Above, there were rows of glass-cased rooms that looked down to the main floor in a similar setup to the boxes at Madison Square Garden that encircled the court. There was a curtain of glass walls, oak floors so slippery you needed ice skates, bathrooms with steam-heated floors, and the closets! I would actually be able to give my clothes some space for the first time in their cramped existence.
After testing out the stairs a few times, I returned to the main room, finding Henry and Barb immersed in a chat at the corner window. But I knew it wasn’t anything illicit because Henry had out his list, making all sorts of scribbles that appeared more active than one of his creative-drawing moments that always seem to come at the convenient time of 2:00 AM.

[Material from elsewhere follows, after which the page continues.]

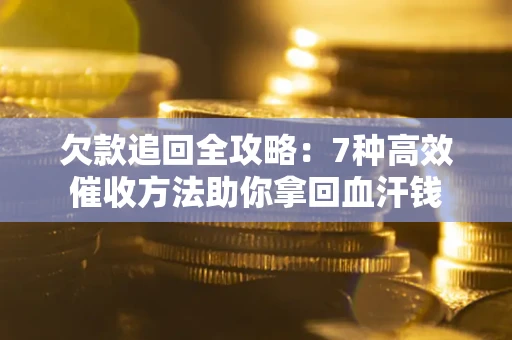 济南欠款追回全攻略：7种高效催收方法助你拿回血汗钱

“Okay then, Henry,” Barb said, right as I arrived. She acted as if she had been trying to conceal something, sneaky Barb, when I very well knew she had been playing it coy and vindictive to make me feel insecure, when really Henry and I had complete trust in one another.
“And Emily, nice meeting you. I’m sure you two have a lot to discuss.”
What the hell did she mean by that? Was she trying to insinuate that she and Henry were making plans to have an affair?
“Right,” said Henry. “We do have a lot to go over, Emily.” His voice boomed in my direction. “About our next home.”
Snapping me from a mental image of myself following a trail of Barb’s black designer-label clothes—bought at a reduced price at the Barney’s warehouse sale—deliberately left about the loft’s leading selling points like clues, finding Henry crawling on top of her on the top staircase, I paid Barb with the sweetest smile I could muster. The smile probably appeared more saccharine than the one I had anticipated.